Paper Abstract: In this paper, I propose to build on earlier research into reading marks in Qur’anic manuscripts. That research, by Dutton and others, highlights the fact that orthographic conventions (for diacritics, vowel marks, etc…) which wre used in Kufic manuscripts are markedly different from the conventions used in later manuscripts, and indeed those of modern printed editions produced in Egypt and elsewhere. There appears to be an assumption that this difference can be traced back, at least in part, to the localized practice of North Africa.
The present paper looks at the survival of the conventions of Kufic manuscripts in handwritten copies of the Qur’an from Africa. In particular, I will consider the use of colored dots in texts from Morocco and Nigeria. I will argue that the remarkable survival of these orthographic features in the modern period not only serves to assert a local identity, but also to connect with a larger, ancient tradition of writing the Qur’an.
Paper Abstract: Close study of the song-text manuscript anthologies connected with the Andalusian music traditions of Morocco reveals some distinctive features that taken together suggest a vibrant sub-culture linking this musical tradition to prestige, erudition and other social values in late-medieval/early modern Morocco, especially in Fez. Some characteristics in common with other genres include the basic methodologies of manuscript writing (scoring and framing of the text box, and so on); the use of relatively high-quality papers; finely executed maghribī mujawhar script; and occasional annotations and corrections added as marginalia (sometimes in the original hand, sometimes not). Features that set many of these manuscripts apart from other genres include elaborate use of coloured inks, including gilt; and occasional use of decorative maghribī thuluth headings, often in several colours. The papers of these manuscripts are especially interesting, because through them we may trace the transition from old or antique laid paper to modern wove paper parallel with the technological developments in Europe, but later by some decades. Even as late as the 1930s, when printing had overwhelmed commercial book production, aficionados of the music were still having high-quality handwritten copies made of these anthologies, demonstrating the social prestige of owning and displaying such documents in the context of Arab-Moroccan culture.
Paper Abstract: This work took almost ten years (2005-2017). The author was intrigued by local African cultures being belittled by incoming cultures, and their importance and distinct self-expression being disregarded by Arab scholars.

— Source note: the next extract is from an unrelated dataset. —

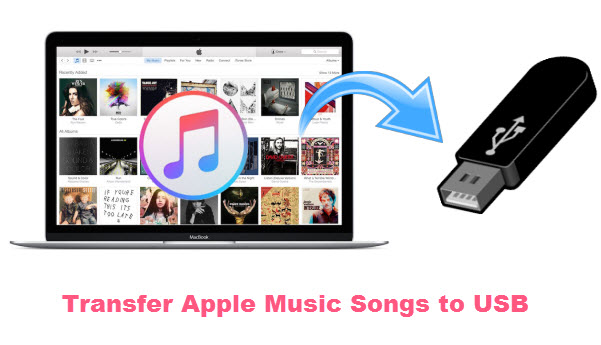 Apple Music to USB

Taking a closer look at the heritage of those cultures, which were called “foreign” to indicate their status as alien to prevalent cultures, the author looks for the basis of this deliberate or undeliberate belittlement of a heritage that has been spread all over the African continent simply because it is written using Arabic script.

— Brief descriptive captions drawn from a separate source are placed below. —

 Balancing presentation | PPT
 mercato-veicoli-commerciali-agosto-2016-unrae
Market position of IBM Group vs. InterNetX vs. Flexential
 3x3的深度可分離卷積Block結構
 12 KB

The author points out that modern scholars disregarded early Arabic writings in vast areas of Africa since Ibn Khaldun because, apart from references to caves or artefacts, those writings paid no attention to the African heritage that was prevalent in the areas those scholars visited, as the remaining cultural production was verbal and unrecordable. Key national African writers did the same in their areas.
This research is the result of collaboration with a number of specialized scholars from countries chosen by the author to establish the extent to which manuscripts from those countries reflect the heritage of Arabic-script manuscripts. The author selected sixteen manuscripts in sixteen languages from all over Africa and arranged them in two volumes. The first volume includes manuscripts in eight languages in the following order: Malagasy, Swahili, Hausa, Fulani, Wolof, Mandingo, Songhay and Tamashek. The second volume contains manuscripts in Berber, Soninke, Serer, Kanuri, Yoruba, Nobiin, Afar and Afrikaans.